Frau X hat am 15.11.2014 einen bis zum 31.07.2015 befristeten Arbeitsvertrag für eine geringfügige Beschäftigung erhalten und unterschrieben.
Frau X arbeitete und arbeitet bis heute (27.09.2015) mit Wissen des Arbeitgebers (Lohnabrechnung / Schichtpläne etc. vorhanden) weiter. Heute wurde ihr ein auf 31.07.2015 rückdatierte Verlängerung auf den 01.01.2016 befristet zur Unterschrift vorgelegt.

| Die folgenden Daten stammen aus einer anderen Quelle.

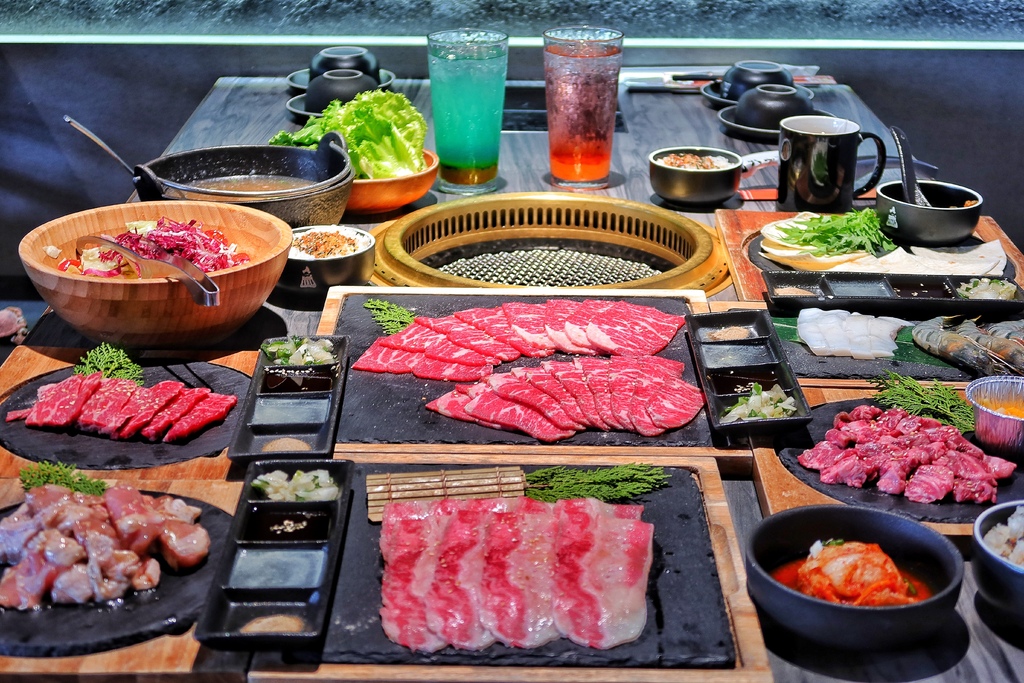 【竹北燒肉】火山岩燒肉竹北旗艦店，主打印地安特色主題，全牛餐份量多又美味! @混血珊莎的奇幻旅程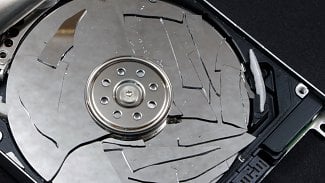 Poruchovost disků 2022: heliové disky neselhávají častěji, Seagate se zlepšuje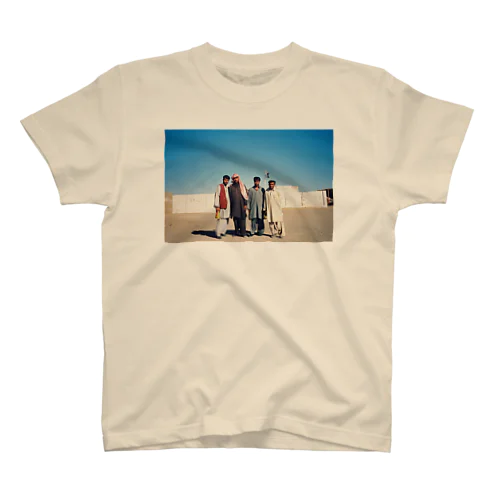 パキスタン国境の闇両替ブラザーズ2002 スタンダードTシャツ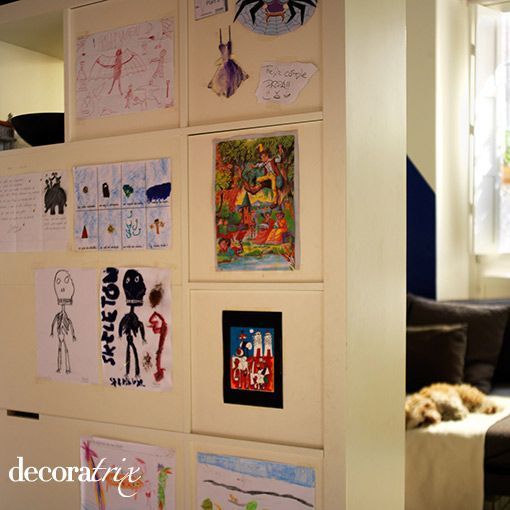 Trasera de la librería con dibujos infantiles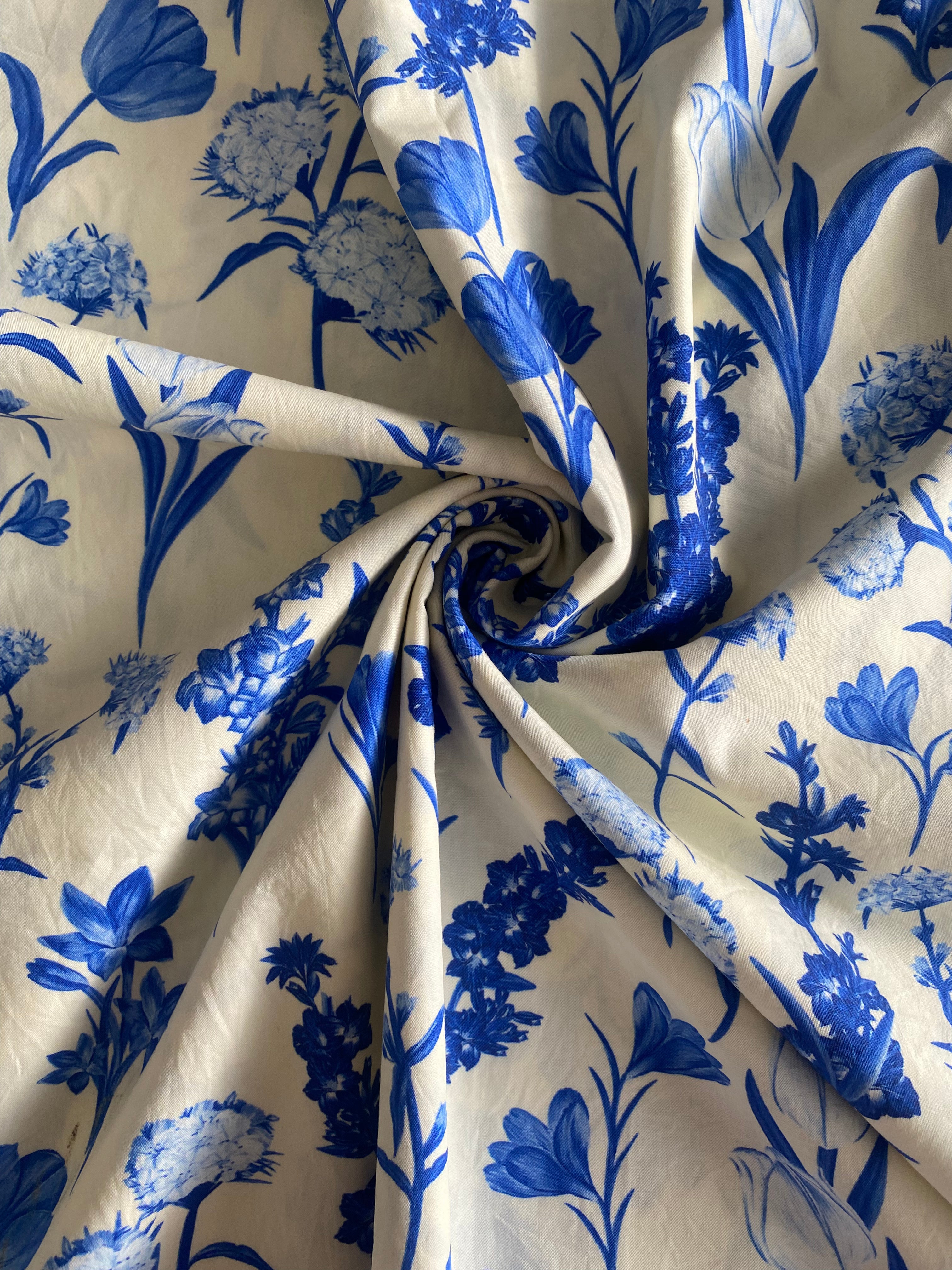 Assorted Florals Blue in Cotton Poplin (2.85 M) - 2137.5 for the entire piece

Frau X möchte nun einen auf unbefritstete Zeit gültigen Arbeitsvertrag erhalten und unterschreibt demnach die Verlängerung nicht.
Sie beruft sich auf § 15 Satz 5 des TzBfG.

Kann in diesem Fall vor dem Arbeitsgericht geklagt werden bzw. was bedeutet die in § 17 des TzBfG beschriebene Anrufung des Arbeitsgerichts? Bzw. kann jetzt überhaupt noch erfolgreich geklagt werden?

Der Arbeitgeber wurde noch nicht über das Vorhaben informiert.

27.09.2015 | 17:46

Antwort

von


(123)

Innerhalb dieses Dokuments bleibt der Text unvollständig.